External Artifacts

The GitOps Toolkit Custom Resource Definitions documentation.

The ExternalArtifact is a generic API designed for interoperability with Flux. It allows 3rd party controllers to produce and store Artifact objects in the same way as Flux’s own source-controller. For more details on the design and motivation behind this API, see RFC-0012.

Example

The following is an example of a ExternalArtifact produced by a 3rd party source controller:

apiVersion: source.toolkit.fluxcd.io/v1
kind: ExternalArtifact
metadata:
  name: my-artifact
  namespace: flux-system
spec:
  sourceRef:
    apiVersion: example.com/v1
    kind: Source
    name: my-source
status:
  artifact:
    digest: sha256:35d47c9db0eee6ffe08a404dfb416bee31b2b79eabc3f2eb26749163ce487f52
    lastUpdateTime: "2025-08-21T13:37:31Z"
    path: source/flux-system/my-source/35d47c9d.tar.gz
    revision: v1.0.0@sha256:35d47c9db0eee6ffe08a404dfb416bee31b2b79eabc3f2eb26749163ce487f52
    size: 20914
    url: http://example-controller.flux-system.svc.cluster.local./source/flux-system/my-source/35d47c9d.tar.gz
  conditions:
    - lastTransitionTime: "2025-08-21T13:37:31Z"
      message: stored artifact for revision v1.0.0
      observedGeneration: 1
      reason: Succeeded
      status: "True"
      type: Ready

ExternalArtifact spec

Source reference

The spec.sourceRef field is optional and contains a reference to the custom resource that the ExternalArtifact is based on.

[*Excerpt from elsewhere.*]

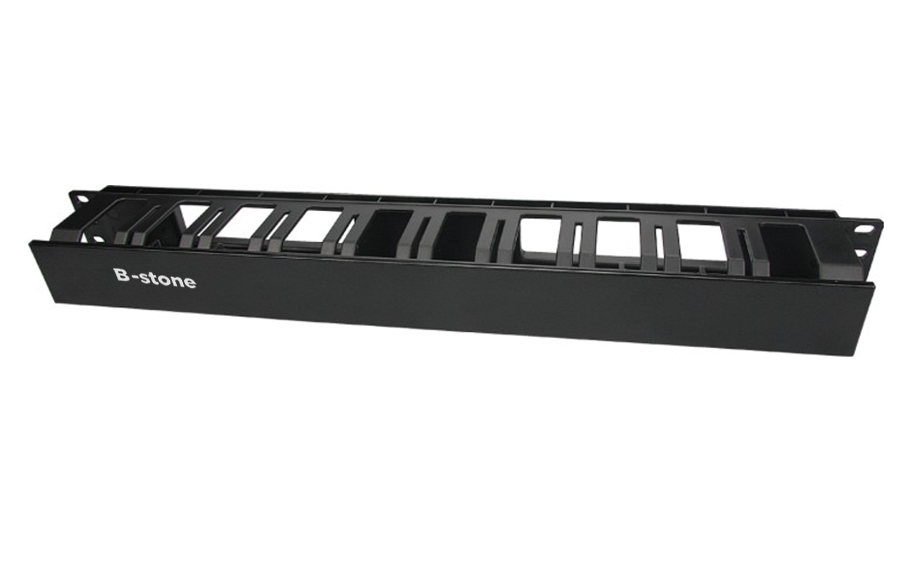 Black-stone Horizontal Cable Management Panel- BSACM1465636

The spec.sourceRef contains the following fields:

  • apiVersion: the API version of the custom resource.
  • kind: the kind of the custom resource.
  • name: the name of the custom resource.
  • namespace: the namespace of the custom resource. If omitted, it defaults to the namespace of the ExternalArtifact.

ExternalArtifact status

Artifact

The ExternalArtifact reports the latest synchronized state as an Artifact object in the .status.artifact.

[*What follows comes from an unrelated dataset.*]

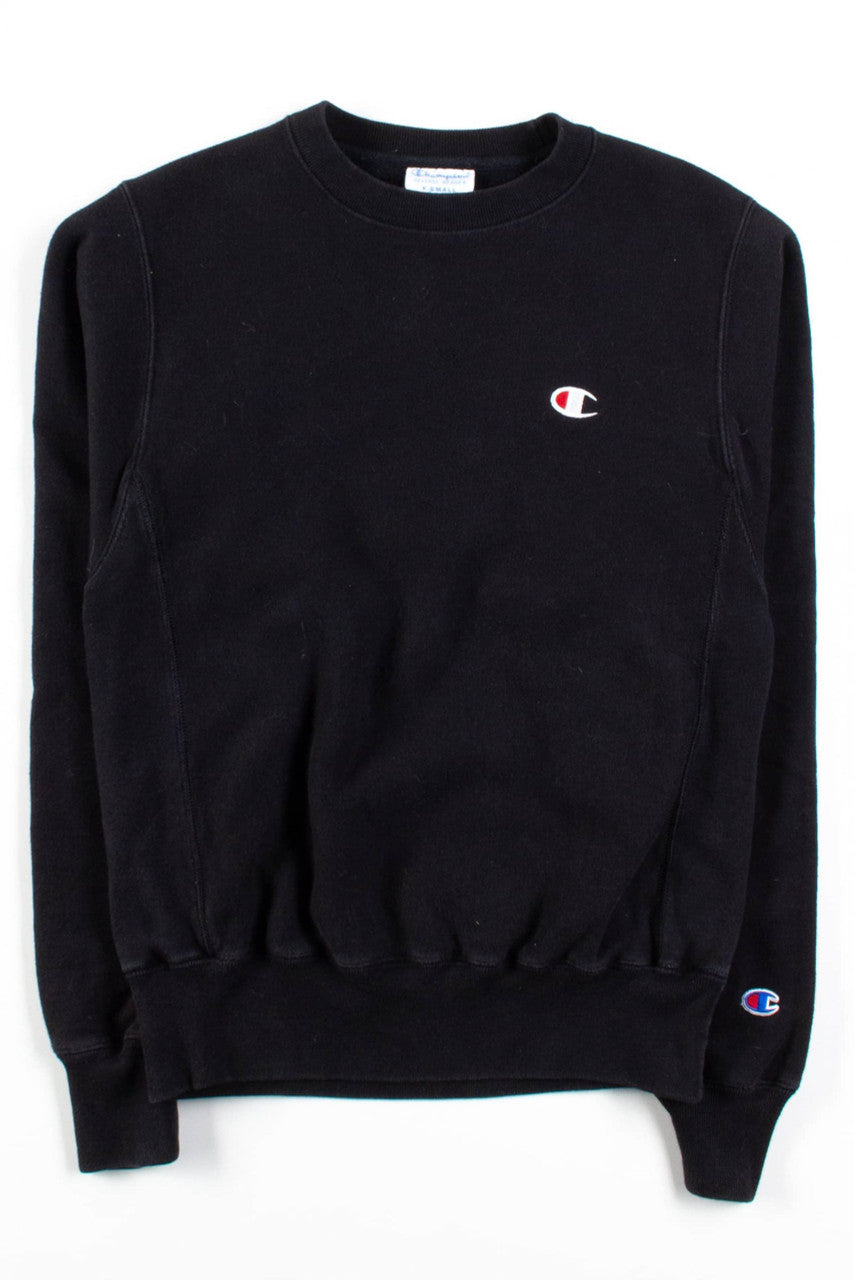 Black Vintage Champion Sweatshirt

The .status.artifact contains the following fields:

  • digest: The checksum of the tar.gz file in the format <algorithm>:<checksum>.
  • lastUpdateTime: Timestamp of the last artifact update.
  • path: Relative file path of the artifact in storage.
  • revision: Human-readable identifier with version and checksum in the format <human-readable-identifier>@<algorithm>:<checksum>.
  • size: Number of bytes in the tar.gz file.
  • url: In-cluster HTTP address for artifact retrieval.

Conditions

The ExternalArtifact reports its status using Kubernetes standard conditions.

Ready ExternalArtifact

When the 3rd party controller has successfully produced and stored an Artifact in storage, it sets a Condition with the following attributes in the ExternalArtifact’s .status.conditions:

  • type: Ready
  • status: "True"
  • reason: Succeeded

The message field should contain a human-readable message indicating the successful storage of the artifact and the associated revision.

If the 3rd party controller performs a signature verification of the artifact, and the verification is successful, a Condition with the following attributes is added to the ExternalArtifact’s .status.conditions:

  • type: SourceVerified
  • status: "True"
  • reason: Succeeded

The message field should contain a human-readable message indicating the successful verification of the artifact and the associated verification method.

Failed ExternalArtifact

If the 3rd party controller fails to produce and store an Artifact, it sets the Ready Condition status to False, and adds a Condition with the following attributes to the ExternalArtifact’s .status.conditions:

  • type: Ready
  • status: "False"
  • reason: FetchFailed | reason: StorageOperationFailed | reason: VerificationFailed

The message field should contain a human-readable message indicating the reason for the failure.